» **Material for this task**
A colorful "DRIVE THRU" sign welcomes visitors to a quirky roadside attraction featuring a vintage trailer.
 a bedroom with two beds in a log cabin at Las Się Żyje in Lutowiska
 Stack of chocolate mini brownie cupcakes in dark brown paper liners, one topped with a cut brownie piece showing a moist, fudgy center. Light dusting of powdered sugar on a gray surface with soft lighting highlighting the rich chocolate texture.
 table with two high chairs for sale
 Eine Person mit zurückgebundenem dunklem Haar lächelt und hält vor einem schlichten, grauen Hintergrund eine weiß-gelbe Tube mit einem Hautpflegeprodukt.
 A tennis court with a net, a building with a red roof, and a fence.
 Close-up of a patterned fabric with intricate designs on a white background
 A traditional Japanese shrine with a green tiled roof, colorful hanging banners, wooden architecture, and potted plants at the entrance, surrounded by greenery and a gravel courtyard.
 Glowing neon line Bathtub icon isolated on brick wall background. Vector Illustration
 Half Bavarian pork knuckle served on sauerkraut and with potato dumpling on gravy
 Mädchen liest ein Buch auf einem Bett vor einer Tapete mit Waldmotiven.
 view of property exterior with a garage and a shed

» **Problem description**
Copy out only the lines of the records above from the one with "Stack of chocolate" through the one with "A tennis court", exactly as they stand, both included.

» **Response to the exercise**
 Stack of chocolate mini brownie cupcakes in dark brown paper liners, one topped with a cut brownie piece showing a moist, fudgy center. Light dusting of powdered sugar on a gray surface with soft lighting highlighting the rich chocolate texture.
 table with two high chairs for sale
 Eine Person mit zurückgebundenem dunklem Haar lächelt und hält vor einem schlichten, grauen Hintergrund eine weiß-gelbe Tube mit einem Hautpflegeprodukt.
 A tennis court with a net, a building with a red roof, and a fence.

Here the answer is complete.